Consequently, most large software products in the health and other domains have some kind of configuration or template building tool(s) that enable modelling of typical domain content patterns, usually as screen form definitions. This partially addresses both problems: domain models are now separate from the software (but not the product), and they can be built by non-IT personnel, assuming a tool with a reasonable user interface.

The problem in mainstream IT has been that no such capability is available independent of particular software products (i.e. specific vendors), concrete visual forms (UI forms, XML Schemas etc) or domains (e.g. process and control systems engineering have domain specific languages) - i.e. even tools that may be technically powerful enough to do the job are buried inside specific products, and are usually targeted to the database schemas of the product.

An important economic factor is that the creation of good quality domain models is time-consuming and expensive, relying as it does on domain experts - typically experienced clinicians, engineers etc - rather than IT staff. If models are created inside a specific product (e.g. a particular hospital information system), and that product is replaced, there is often little appetite or availability of the staff to recreate the work done in authoring the models/templates for the first product, in the new product environment. Multiplied across products, sites, and whole industry verticals, the lack of standard ways of representing models of domain content has become a significant obstruction to the production of high quality information systems. Instead, as each solution is replaced, its domain models usually die with it.

The need for an efficient, formal, and product- and implementation format-independent domain modelling capability is therefore clear, nowhere moreso than in health, where the sheer amount of domain semantics requiring formalisation in health has necessitated the creation in openEHR of the Archetype formalism, used in conjunction with terminologies (i.e. SNOMED CT, LOINC, ICDx and many others).

Two categories of domain content models can be distinguished, respnding to a universal need to be able to represent both use-independent definitions of 'data points' and 'data groups', and use-case dependent definition of 'data sets'. Consider the case of recording patient vital signs.
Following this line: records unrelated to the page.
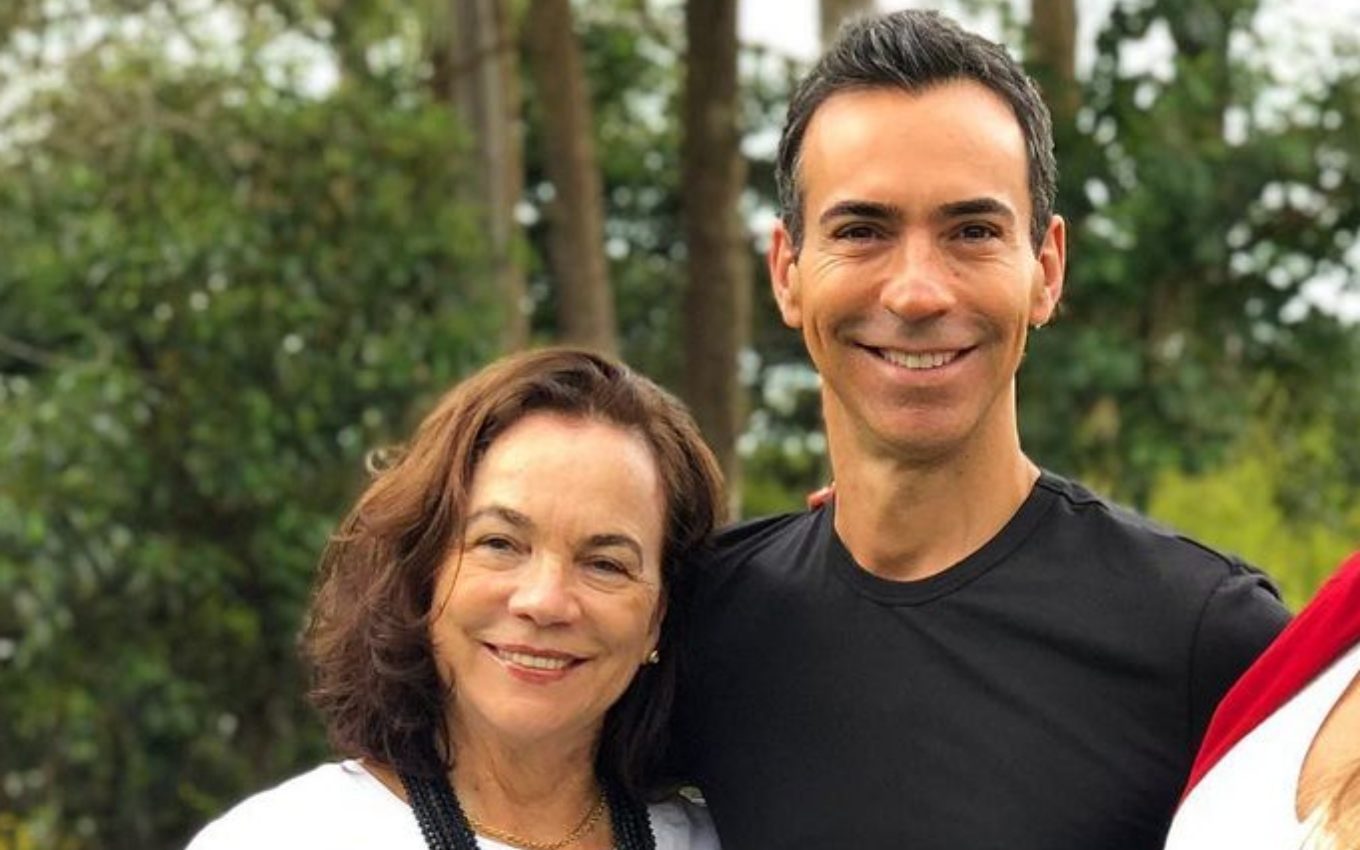 Cesar Tralli encontra carta escrita há 28 anos pela mãe já falecida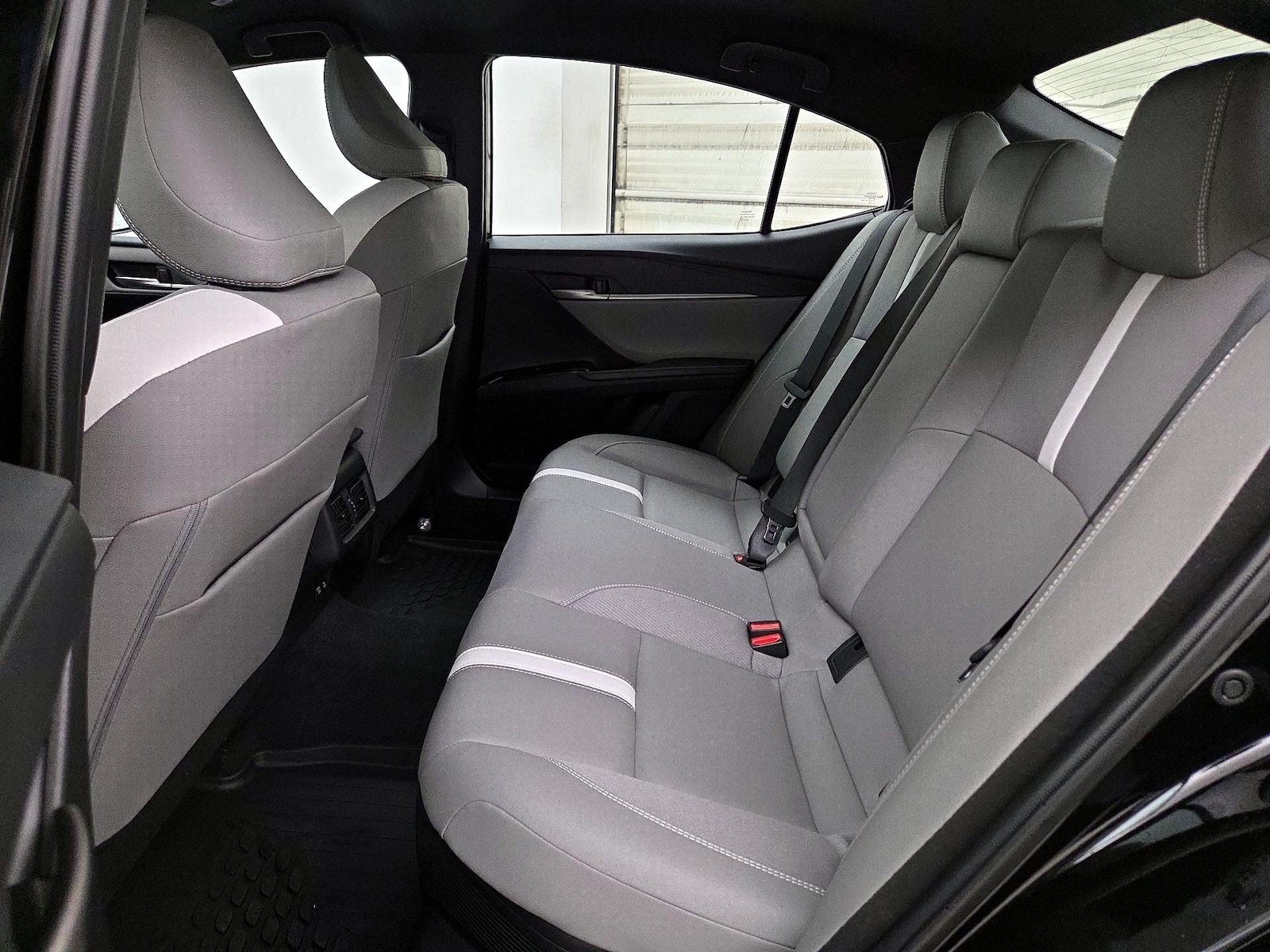 2025 Toyota Camry SE - Photo 20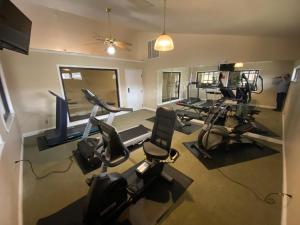 Fitness centrum a/nebo fitness zařízení v ubytování 2BR Updated Condo - Close to the Strip - Stairs Required - 2 Pools - FREE TICKETS INCLUDED - FHE-3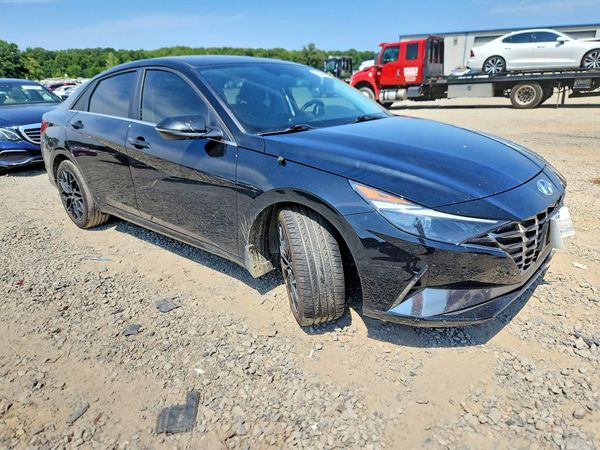 2022 HYUNDAI ELANTRA SEL w/ Premium Pkg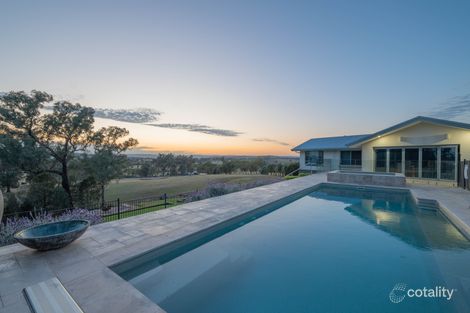 42 Heraghty Rd, Parkes, NSW 2870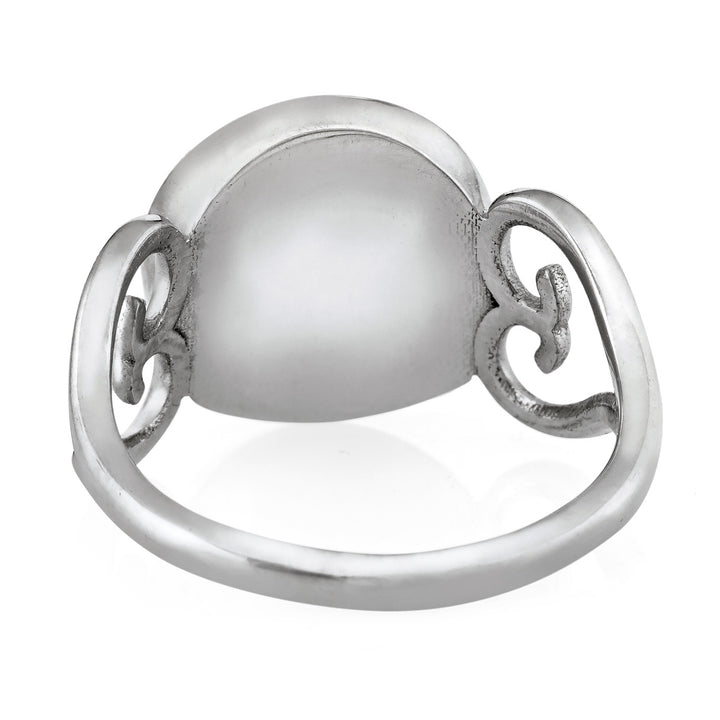 A photo of the back of the Heart Filigree Ring Band Design by close by me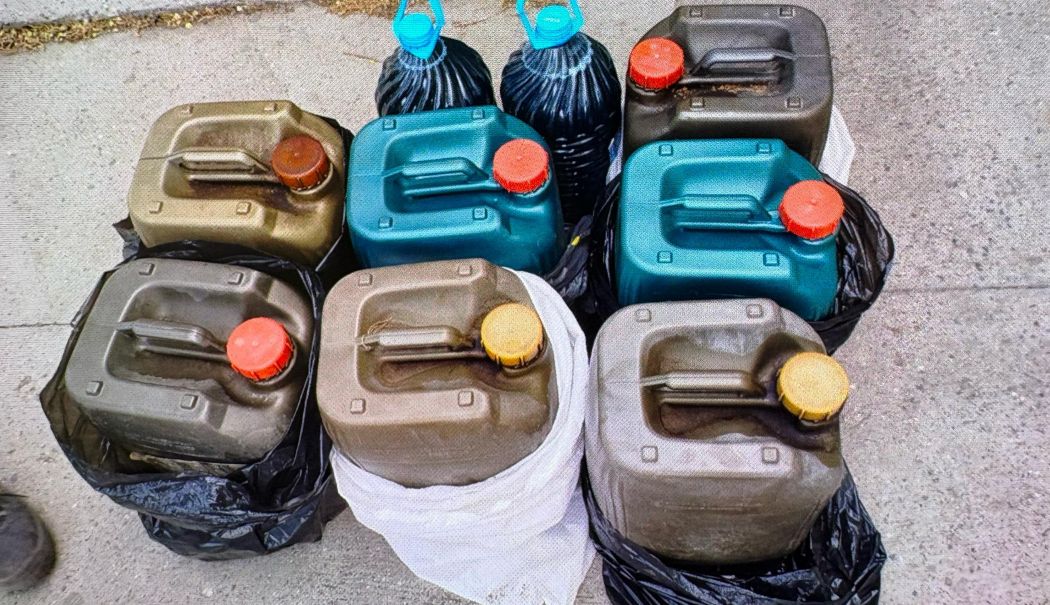 Bidoane cu combustibil, confiscate de jandarmi. Doi bărbați sunt cercetați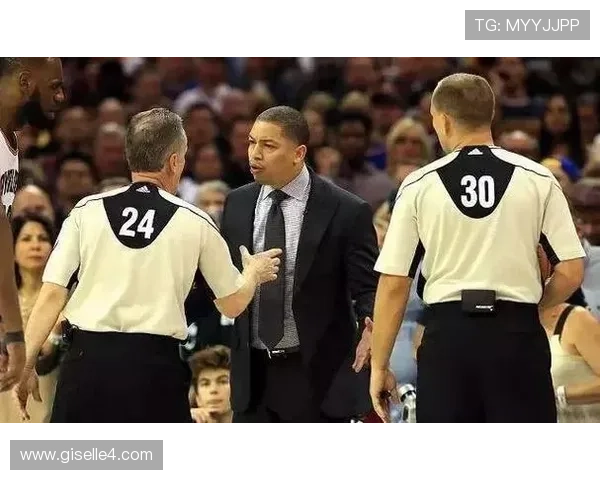 国际篮球三秒规则区别解析，带你了解FIBA与NBA的具体差异在哪里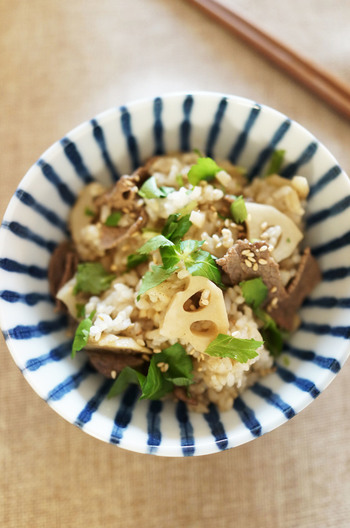 牛肉とれんこんの混ぜごはん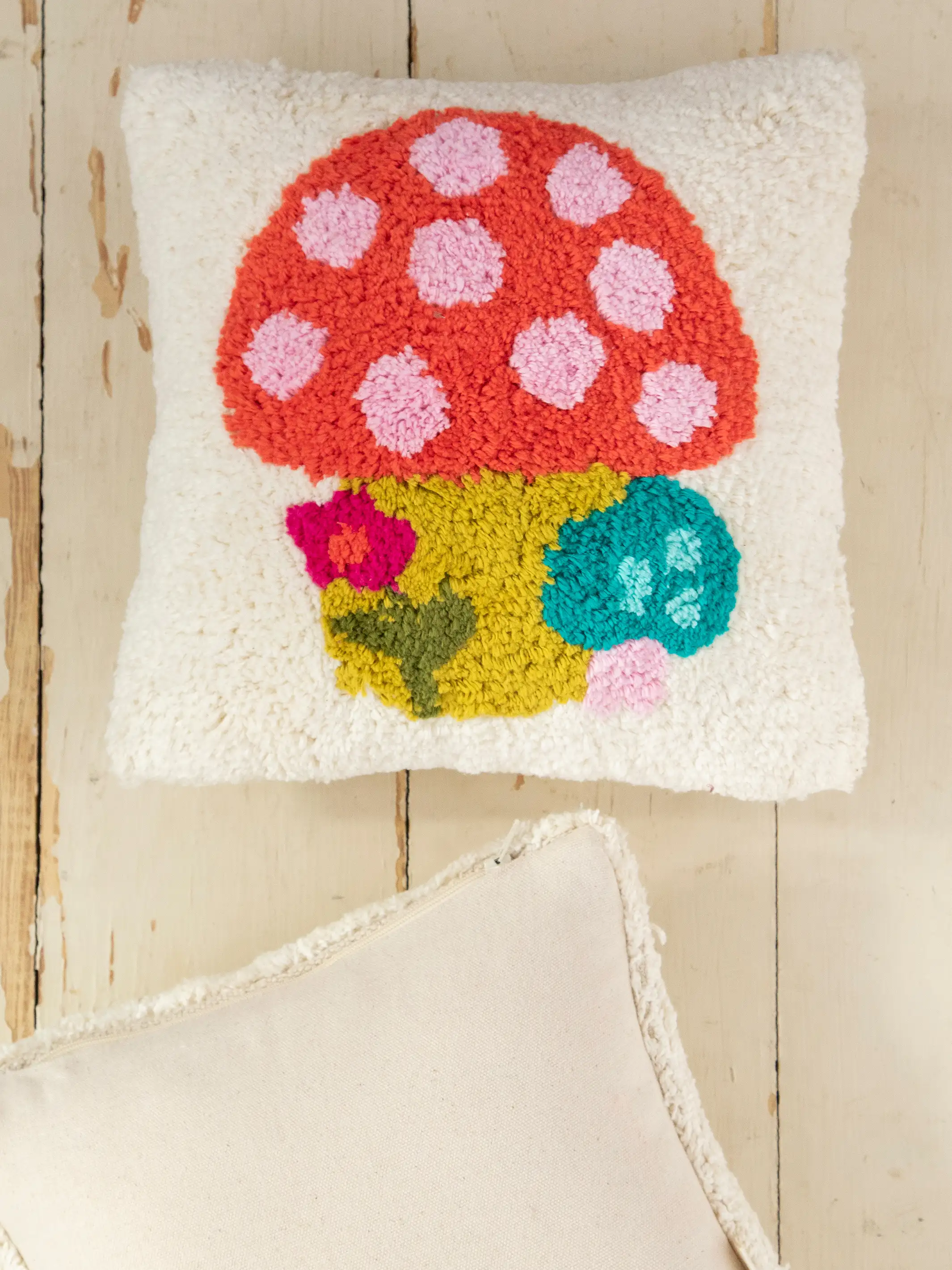 Tufted Pillow - Cream Mushroom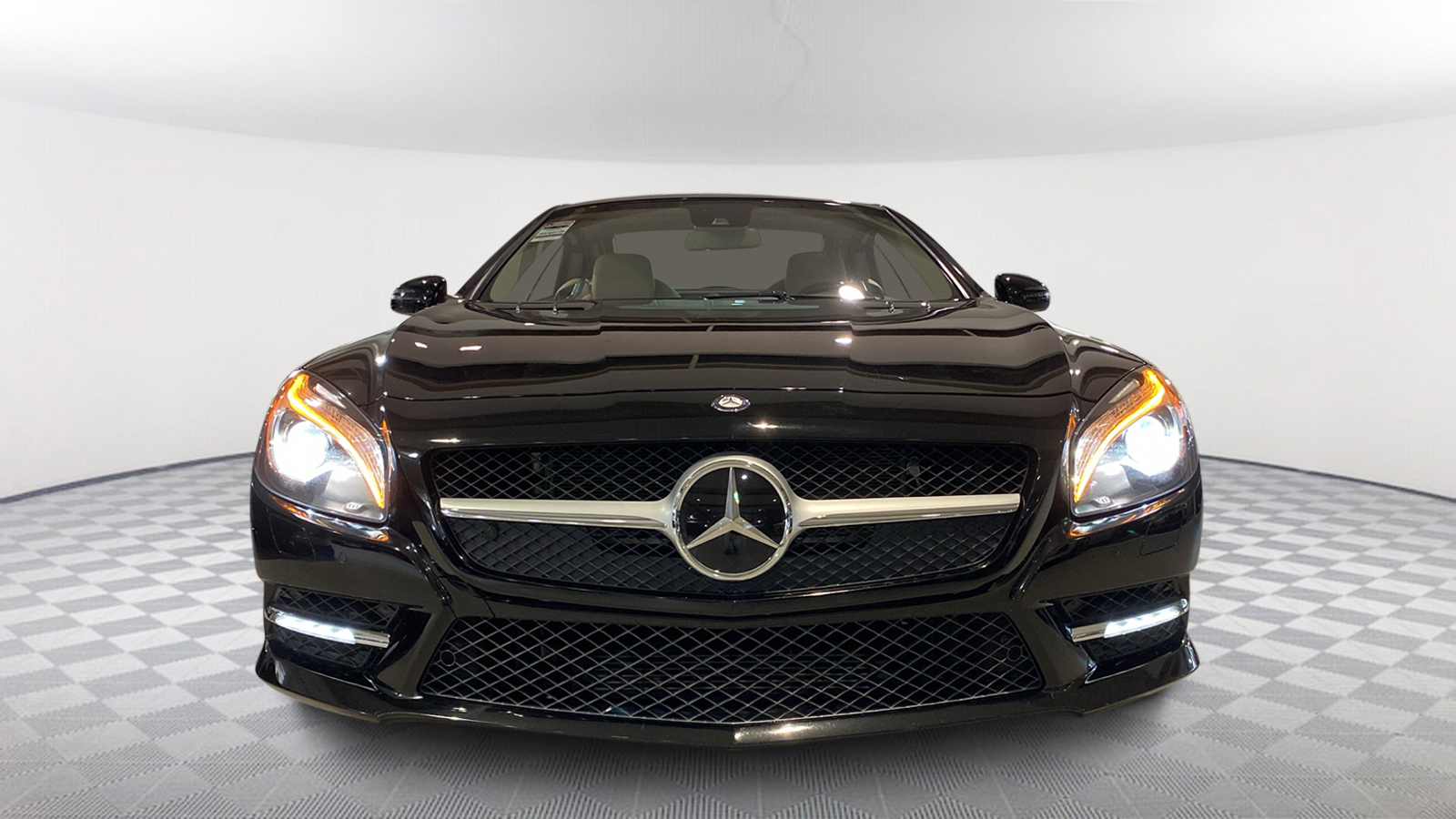 2015 Mercedes-Benz SL-Class SL 550 2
Assume that content models can be defined for 'blood pressure', 'heart rate' and 'blood oxygen'. These definitions need to be independent of specific uses such as patient home measurement, GP encounter, and hospital bedside measurement, since in all these cases, each vital sign is recorded in exactly the same way. However in each case, these vital signs data points are recorded within a larger data set of items that correspond to the health system event occurring, such as a GP patient health checkup or an ED initial assessment.

Thus there are two related needs: to be able to model re-usable domain data items and structures, and secondly, to be able to model the larger use case specific combinations of these generic elements. The alternative would be to create a domain model for every data set and within many of these models, to repeatedly define the same sub-model of recurring content, such as 'blood pressure'.